Tielemans: superstar in the making?

Both young midfielders Tielemans and Maddison were on sublime form today as the pair have been for much of their time at Leicester. Tielemans, 21, looks perfect for English football with a velvet first touch and lovely vision combined with a powerful running action and the intelligence to create space. His headed goal takes his tally to three goals and five assists in 11 Leicester games and if he is available after this loan deal expires Leicester would be mad not to buy him.

Entirely how the young Belgian has ended up outside the elite is a mystery, and indeed it does make you question the Premier League’s top six’s scouting. When was the last time they bought a young attacking player who wasn’t already a star? Manchester City could claim Gabriel Jesus, Manchester United, Anthony Martial – although the jury is still out. Otherwise, the top six seem only to buy established attacking players and are letting gems go unnoticed.

James Maddison going from Norwich to Leicester also looks a miss for the elite.
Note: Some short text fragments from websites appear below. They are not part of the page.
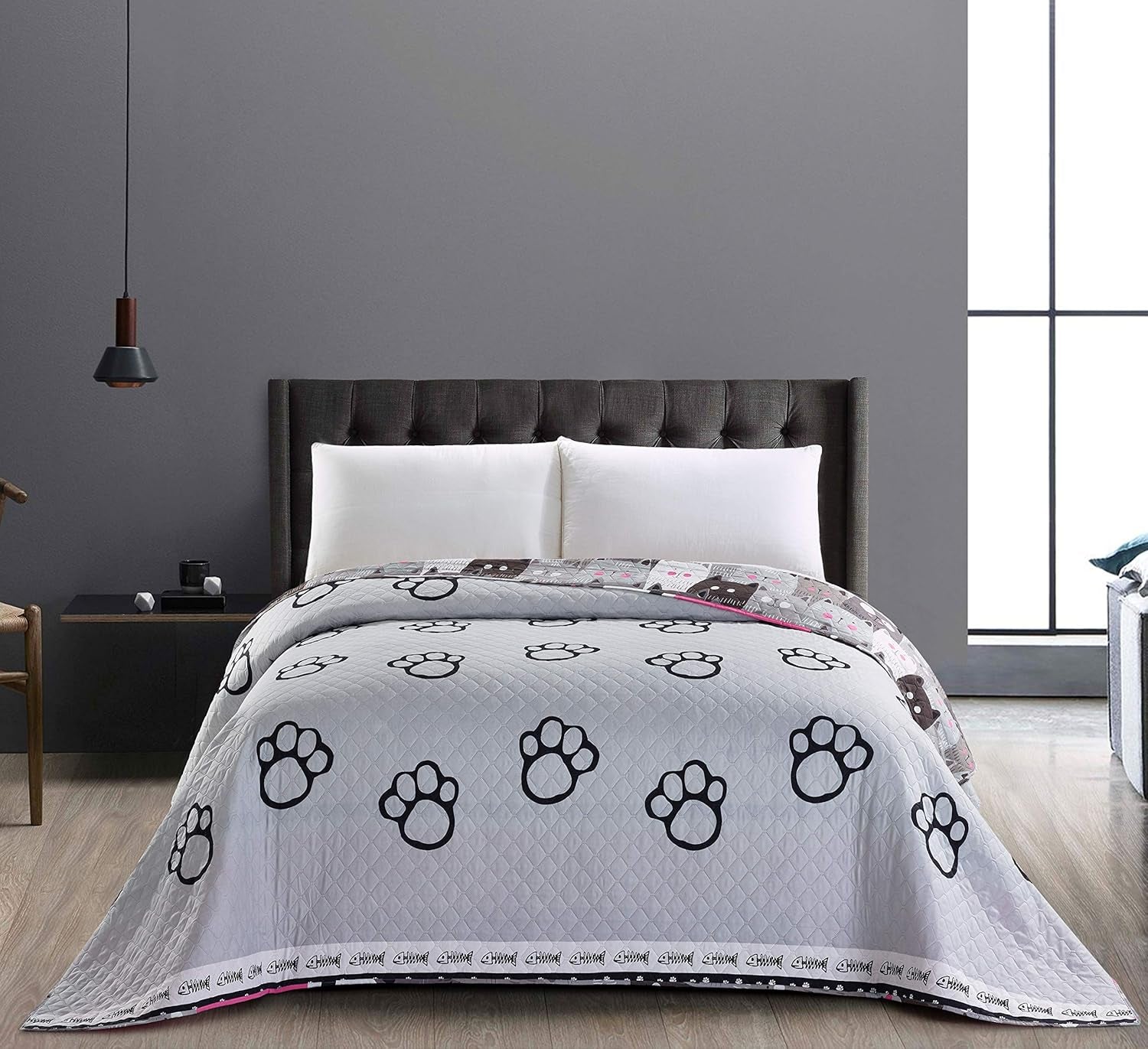 Decoking 32350 Narzuta 220X240 cm Dwustronna narzuta z mikrofibry łatwa w utrzymaniu Beżowy Jasny brąz Kakaowy brąz Szary Stal Antracyt Grafit Czarny Biały Różowy Koty Inwazja kotów Legowiska i koce Beuche den DecoKing-Store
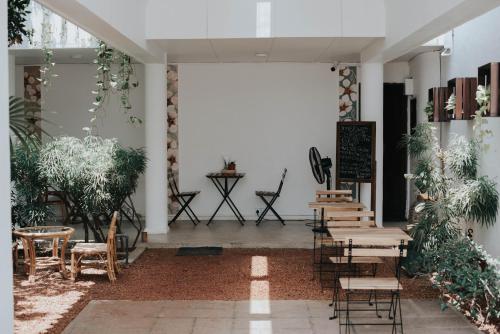 Facilities, Srilax in Cinnamon Gardens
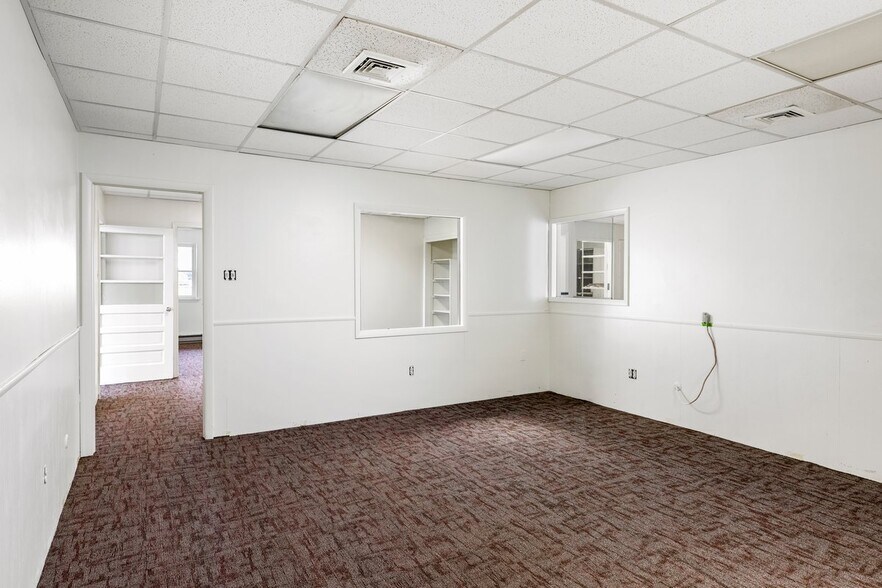 More Photos Of 8364 Easton Rd, Ottsville Auto Dealership For Sale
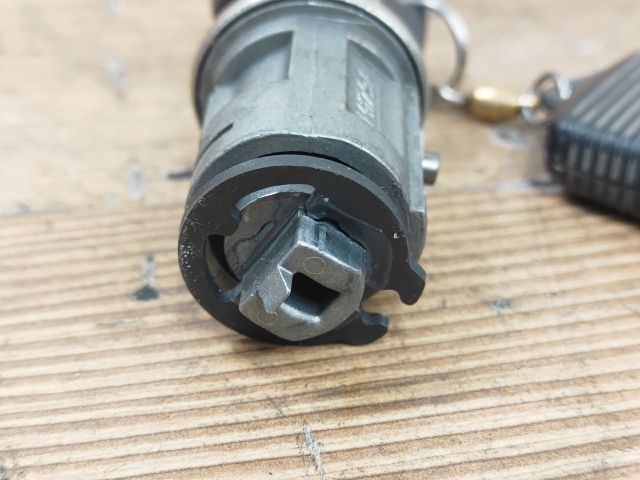 bontott FORD TRANSIT Gyújtáskapcsoló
The young Englishman was at his subtle best on Sunday with 27 out of 32 successful final third passes and a lovely assist for Tielemans header. Maddison has Beckhamesque crossing and a Teddy Sheringham-like ability to drift into space and play through balls and reverse passes. If Maddison can impose himself on games more and increase his goals tally, he can be a potential superstar.

Leaving Celtic the right decision

Rodgers was criticised for the timing of his Celtic departure, but Rodgers is too talented to be marooned in Scotland. His arrival has sparked an attacking revival at Leicester after the often dour Claude Puel era. Leicester have averaged over two goals a game on the way to winning five in eight, and if you’d never watched the Premier League, you would be forgiven for assuming the hosts were the Champions League contenders. If Rodgers can keep up the revival after the summer break, Leicester could look forward to a top-six challenge and a cup run.

Appalling Arsenal again

Another poor performance by Arsenal. From a position of strength a fortnight ago Emery and Arsenal have fallen apart since their Napoli victory.

The attitude of some of the Arsenal players has to be questioned. It’s scarcely worth going over the issues at centre-back again. But in midfield Granit Xhaka and Lucas Torreira have gone from having an unbelievable first half of the season to being so easy to play against currently. Indeed the biggest compliment that can be paid to Guendouzi is that Xhaka and Torreira miss the young Frenchman’s presence.

Henrick Mkhitaryan increasingly looks like a Mesut Ozil tribute act, at least Ozil plays the hits, Mkhitaryan seems to replicate Ozil’s worst parts – an Oasis tribute act without the 90s songs. Aubameyang and Lacazette were anonymous, and one wonders if Arsenal regret not signing the streetwise, Vardy and his ability to run defenders ragged even if the ball doesn’t come his way.

Emery’s tactics need a thorough review, the Arsenal team was set up so passively, and by half time Leicester goalkeeper Kasper Schmeichel had made more passes than any visiting player. The red card didn’t help, but Arsenal were on course to lose the game before then.

The strength at the bottom of La Liga is often underplayed but is Emery struggling against the bottom 14 of the Premier League because of the false security that his jobs at Sevilla and Paris St Germain offered. Emery will not be used to performances like the ones offered by Crystal Palace, Wolves and Leicester in the space of a week.

Emery deserves time after working through the muddle of the Wenger and Gazidis era and the Europa League run, but he needs to replicate his tactical acumen in the smaller games instead of saving it for top six clashes and Europe.

Social media meltdown

No sooner had Hamza Choudhary dominated the Arsenal midfield than tweets resurfaced from the Leicester midfielder’s Twitter account. They don’t need repeating here but needless to say, they were repulsive.

They were also written by a 16-year-old boy who presumably wouldn’t think the same things now.

In an ideal world, these tweets would be ignored and disregarded as the naivety of youth, but that’s not where we are.

Clubs still seem to be asleep on the matter of social media, and greater education is needed of youth team players, and maybe more robust monitoring is required.